Blowers among finalists for 2014 Bank of America Award for Teaching Excellence

Monday, August 18, 2014

Anita Blowers, associate professor of criminal justice and criminology, is among the five finalists for the 2014 Bank of America Award for Teaching Excellence, one of the University’s highest honors.

She and the other finalists – Jonathan Crane, associate professor communications studies; Fumie Kato, associate professor, languages and culture studies; Tracy Rock, associate professor, reading and elementary education; and Debra Smith, associate professor, Africana studies - are being featured in Inside UNC Charlotte in advance of the Bank of America  Award for Teaching Excellence ceremony scheduled for Friday, Sept. 5.

According to Blowers, “If we want our students to become productive members in an increasingly complex society, we must move away from focusing exclusively on passively transmitting information and move towards providing an environment where students are co-collaborators of their educational experience.” 

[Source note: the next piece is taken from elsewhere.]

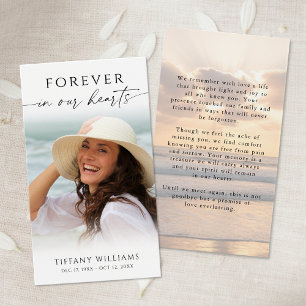 Funeral Sunset Beach Photo Memorial Prayer Card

Blowers joined the Department of Criminal Justice in 1989, and she has been affiliated with the Gerontology Program and the Ph.D. in Public Policy Program.  In 2013, she led the Justice Studies Abroad Program at Kingston University in England. Blowers has taught a wide range of courses at multiple levels:  criminal justice policy, prosecution and adjudication, American criminal courts, and crime and justice in film.  Her pedagogical approach emphasizes the use of active learning strategies where students are encouraged to solve problems, answer questions, formulate questions of their own, discuss, explain, debate or brainstorm during class.

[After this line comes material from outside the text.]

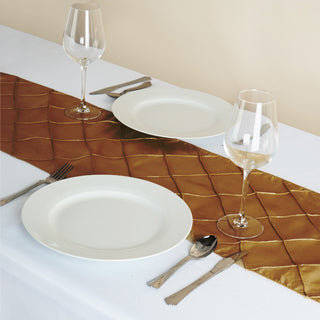 Create Memorable Moments with the Champagne Taffeta Pintuck Table Runner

Employing cooperative learning strategies, in which students work in teams on problems and projects to foster more collaborative learning, Blowers argues that the professor coaches students in the skills they need to learn independently and from one another, creating an environment where student and professor are both stakeholders. 

This innovative approach is not lost on her students.  One senior criminal justice major wrote Blowers “assumes the identity of a ‘coach,’ always pushing and encouraging her students to produce exceptional work. Due to her unwavering devotion to her research and her students’ successes, Dr. Blowers has received my admiration, appreciation, and deepest gratitude. ”

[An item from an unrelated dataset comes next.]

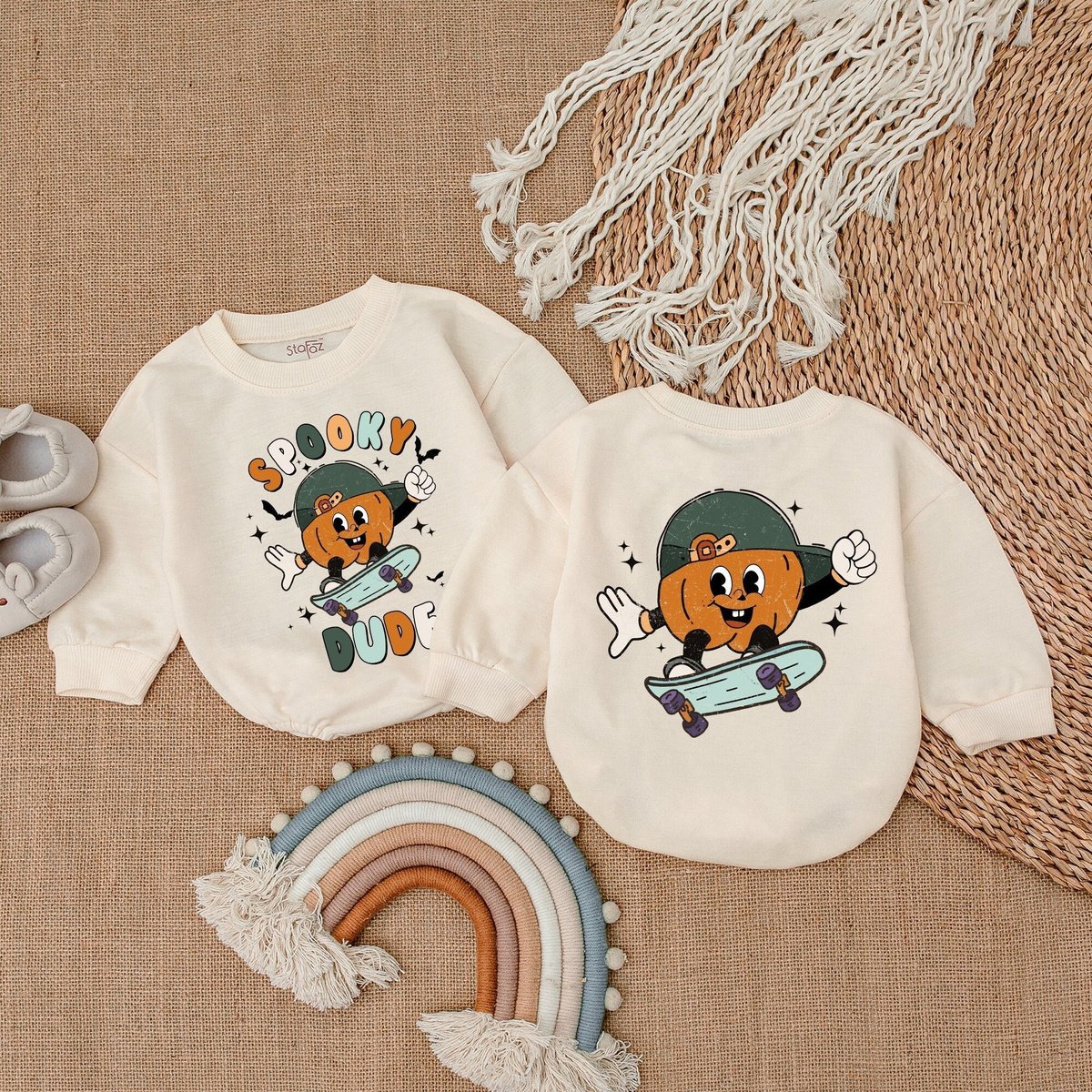 Spooky Dude Baby Clothes Retro Boy Bodysuit Cute Halloween Baby Romper Halloween Baby Clothes Halloween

According to colleague Vivian Lord, Blowers has a “footprint on a wide range of University initiatives that have helped to create an environment where students can achieve academic and personal success.”  She has served as the director of the Office of Student Success and Retention, as a faculty fellow in the Provost’s Office and as a McNair Program mentor.

Within the Freshman Seminar Program, Blowers helped lead the effort to expand the number and variety of freshman seminar courses; created the faculty development program for faculty teaching freshman seminar courses; assisted in the development of measures and procedures for assessment of the UNC Charlotte Learning Community programs; and developed and taught a course for freshman seminar peer mentors.

For her outstanding contributions to teaching and learning at UNC Charlotte, Blowers was awarded the R. Randy Rice Service Award in 2004 to recognize her contributions to the Learning Community Program at UNC Charlotte. In 2001, she received the UNC Charlotte Student Support Services Award.